Top of Records for this exercise
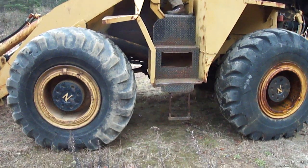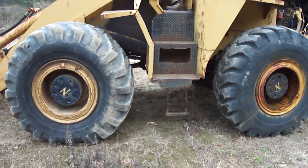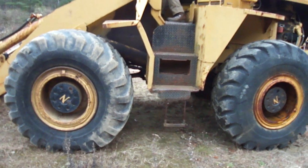This is a Nelson 400, 3-yard loader, rear steer, 23.5 by 25 tires. Cummins engine.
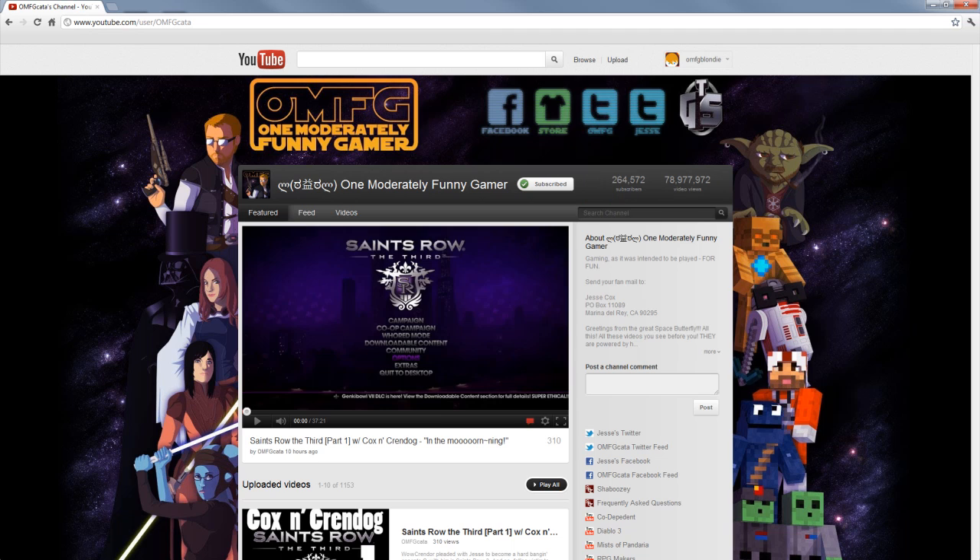Moving down a little bit, you can see that just like before we have the newest uploaded video featured on the page. To the right of that, you have the normal info about the channel and the address for Jesse's PO Box.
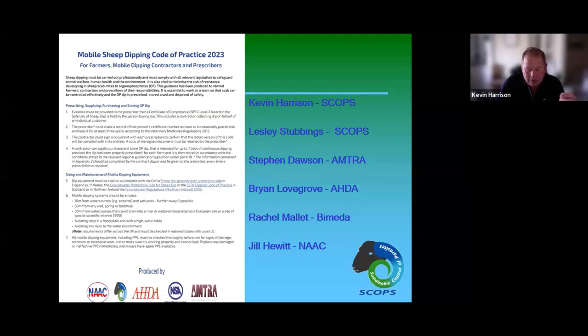Today's panelists include Kevin Harrison, chair of SCOPS and a sheep farmer in the West Country; Leslie Stubbins, independent sheep consultant and nutritionist; Stephen Dawson from AMTRA — the Animal Medicine Training Regulatory Authority; Brian Lovegrove from ADA — the Animal Health Distributors Association; Jill Hewitt from the National Association of Agricultural Contractors (NAAC); and Rachel Mallett from Biomeda.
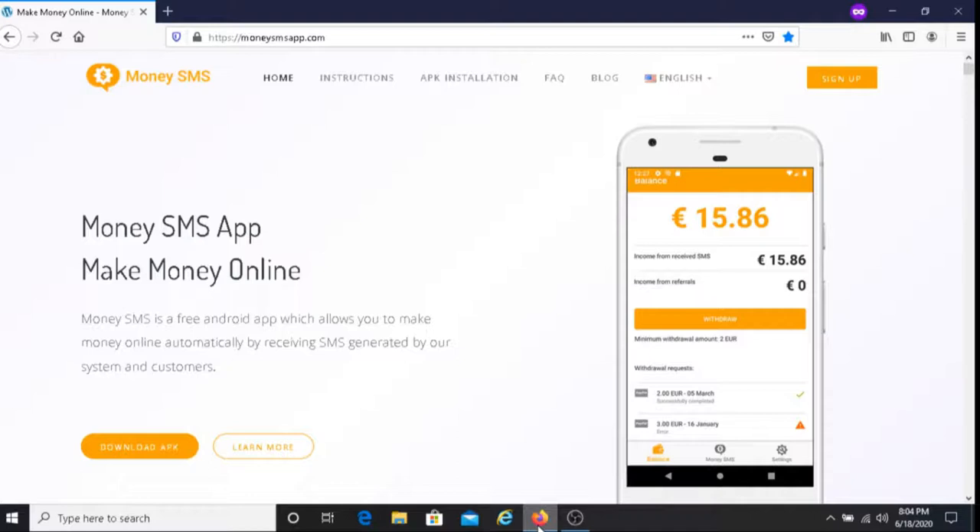For those of you who are interested in joining Money SMS, I will put the link below this video and you can download the app and get started. I'm also going to put down links to videos that I've made which are similar to this video, sharing easy ways to earn money as well, so you can check those out too.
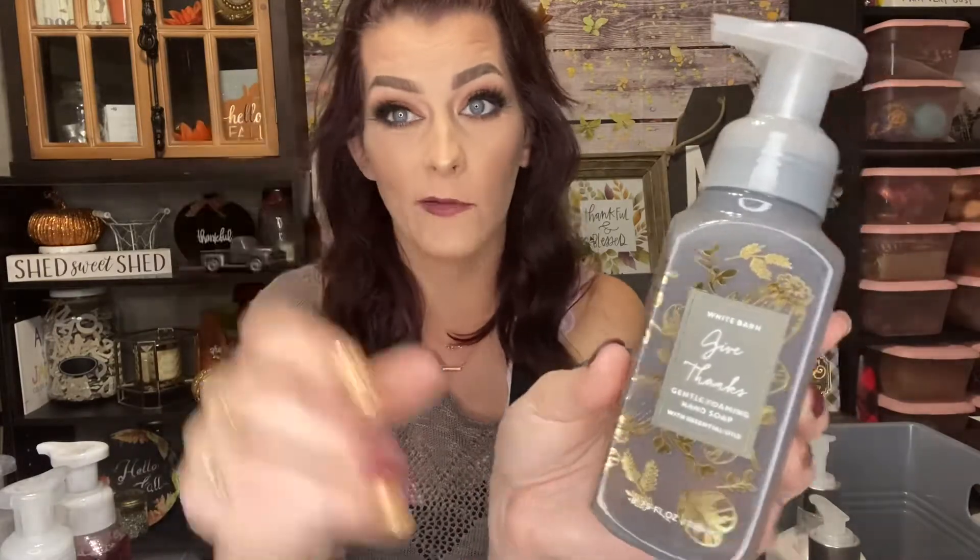Then I have this Give Thanks one — the White Barn ones always have better packaging compared to the regular Bath and Body Works ones. See that reflective gold on there? It's so pretty. The scent notes in this one are harvest pumpkin, spiced clove, and sugar cane.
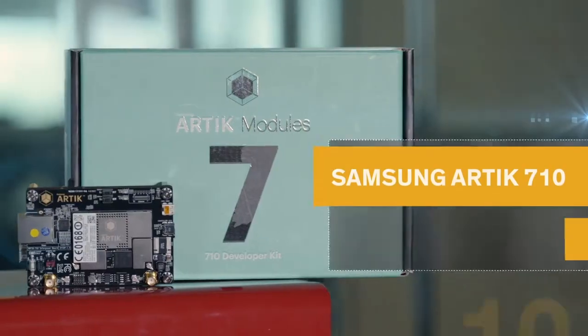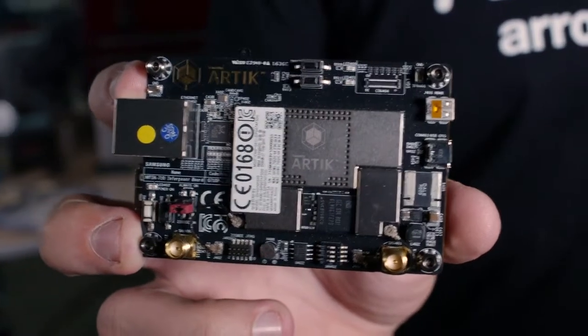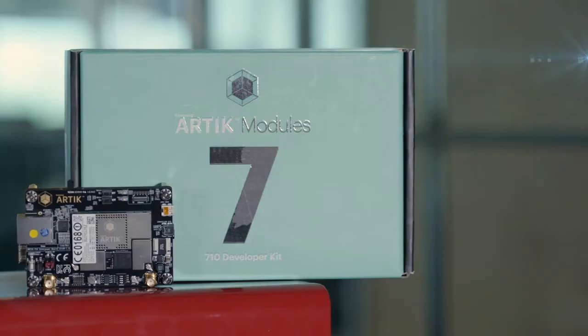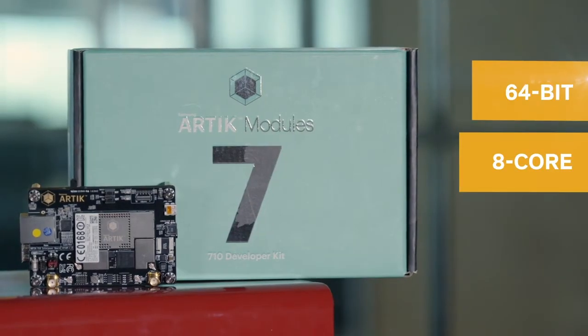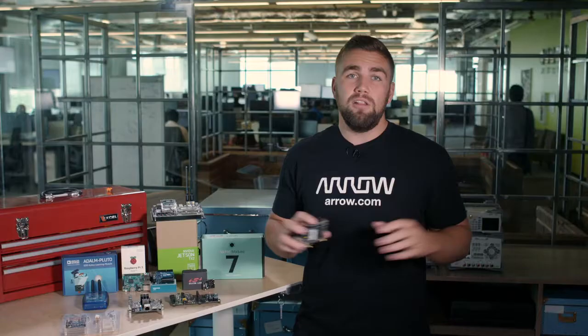Samsung has had their claim to fame in many industries and applications all over the world, and the Samsung Arctic Platform and the 710 Development Kit is one of the latest proving grounds. With the sole purpose of bringing hardware modules and cloud services together, Samsung has created an ecosystem of tools and partners to help developers get to the internet of things faster. The Arctic 710 Development Kit specifically boasts an 8-core 64-bit ARM Cortex-A53 processor with built-in Wi-Fi, Bluetooth, and Zigbee for nearly any large high-end gateway that requires local processing and analytics or multimedia applications.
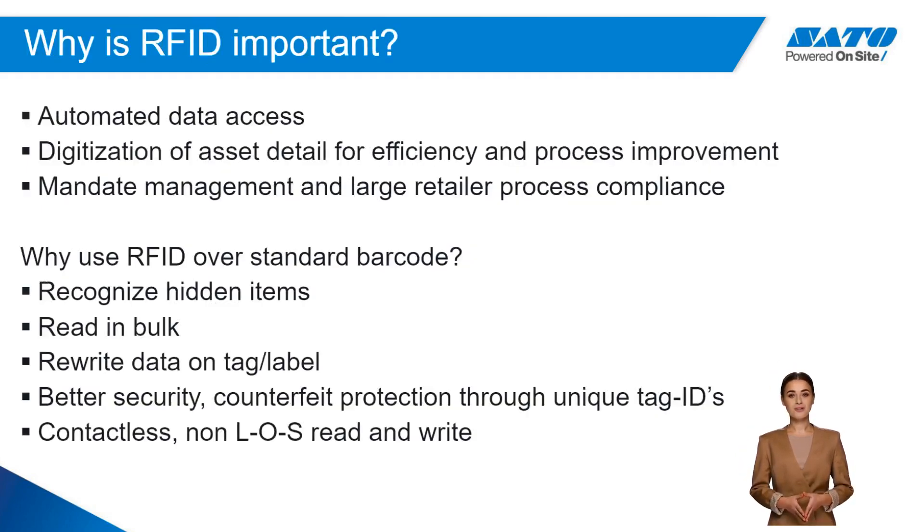RFID is important because it removes the need to have line-of-sight scanning. It can read items that are tagged in bulk and helps create efficiency through digitizing the information. Uses include mandate management, inventory counting, and location tracking.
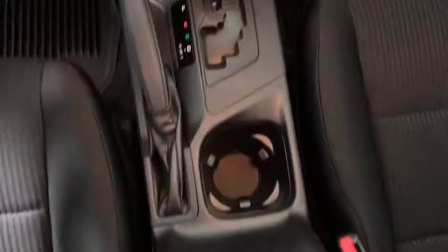This vehicle has less than 100 miles. Here are some of this vehicle's great options.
Bottom of Records for this exercise
> What you are asked to do: Return only the lines running from the top of the data to the line that holds "Moving down a". Include both of those lines, but skip the pictures.

> Answer space:
This is a Nelson 400, 3-yard loader, rear steer, 23.5 by 25 tires. Cummins engine.
Moving down a little bit, you can see that just like before we have the newest uploaded video featured on the page. To the right of that, you have the normal info about the channel and the address for Jesse's PO Box.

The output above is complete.